▶ Instructions for the task: A word-for-word copy of the entries is needed, and it should contain no images.

▶ Data:
════════════════════
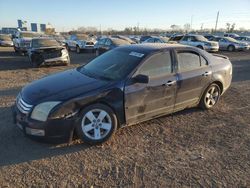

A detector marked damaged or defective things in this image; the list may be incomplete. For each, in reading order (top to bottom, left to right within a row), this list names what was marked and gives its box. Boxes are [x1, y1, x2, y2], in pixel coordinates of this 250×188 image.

damaged vehicle [13, 31, 40, 53]
damaged vehicle [27, 37, 70, 67]
damaged vehicle [64, 33, 95, 53]
damaged vehicle [12, 43, 232, 145]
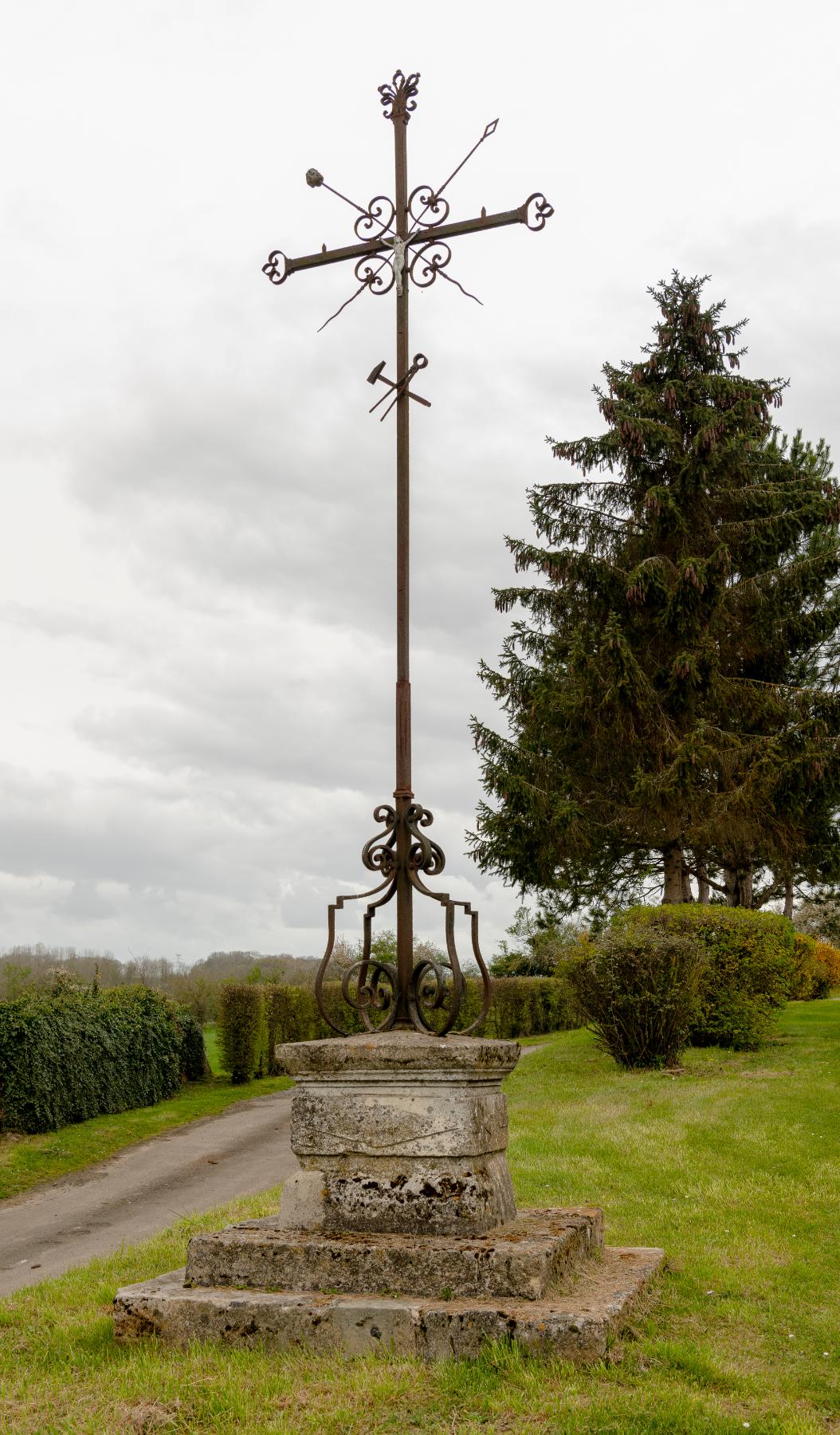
════════════════════
▶ Final answer:
A detector marked damaged or defective things in this image; the list may be incomplete. For each, in reading order (top to bottom, left to right within a row), this list names what was marked and gives its box. Boxes are [x1, y1, x2, y2], in pixel coordinates of this 250×188 image.

damaged vehicle [13, 31, 40, 53]
damaged vehicle [27, 37, 70, 67]
damaged vehicle [64, 33, 95, 53]
damaged vehicle [12, 43, 232, 145]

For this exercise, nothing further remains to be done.